С этим разделением, усиленным целенаправленным переформатированием людей в потребителей, мы дожили до нового тяжелого испытания в судьбе нашей родины и нашего народа и вновь, как в 1918 и 1991 годах, столкнулись с массовым изменничеством. Нет ничего удивительного ни в количестве изменников, ни в их разнообразной — от шоуменов до научных работников — профессиональной принадлежности. Потребительство как склад мозгов и потребление — не товаров и услуг, а своей родины и своего народа — как форма практического паразитизма взрастали у нас в особо концентрированном растворе западной расистской цивилизации, в который Россию в 1990-е поместило руководство нашей же собственной страны, пестовавшее «европейский выбор» и поощрявшее соответствующие ему прозападные антинародные элиты.

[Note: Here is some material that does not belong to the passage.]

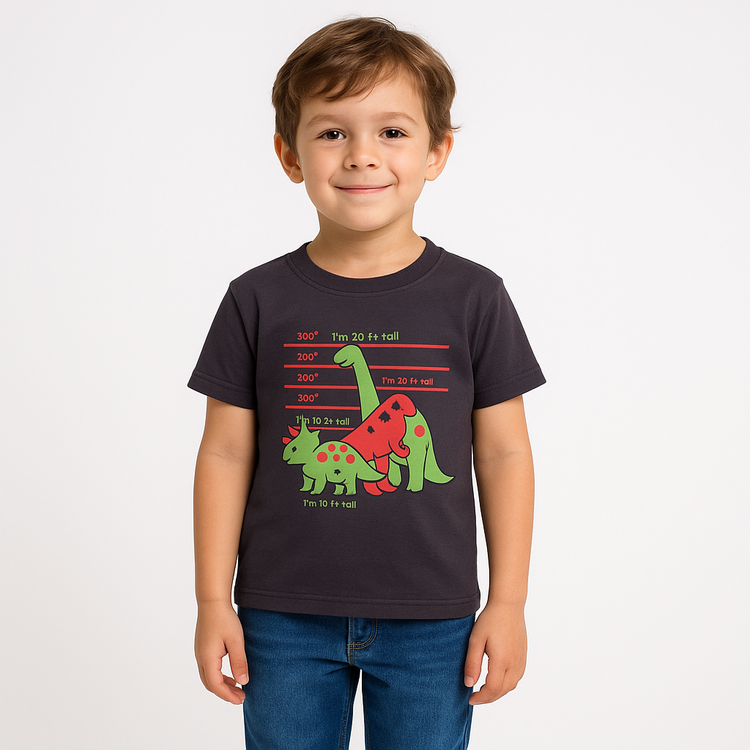 Grey Dinosaur T Shirt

Политики тогда занялись потреблением страны в целом и всего, что в ней было по отдельности, бизнесмены — потреблением политиков, народного хозяйства и народа, значительная часть интеллектуалов прилепилась и к тем, и к другим и стала их обслуживать, кормясь с их рук, народу не осталось и объедков от этого потребления… Но я сейчас не о социальной справедливости, а о том, что это потребление сделало с потребителями: недаром в русском языке появилось такое грубое словцо: «потреблудство». В этом слове корни связаны по-особенному: первый предопределяет второй.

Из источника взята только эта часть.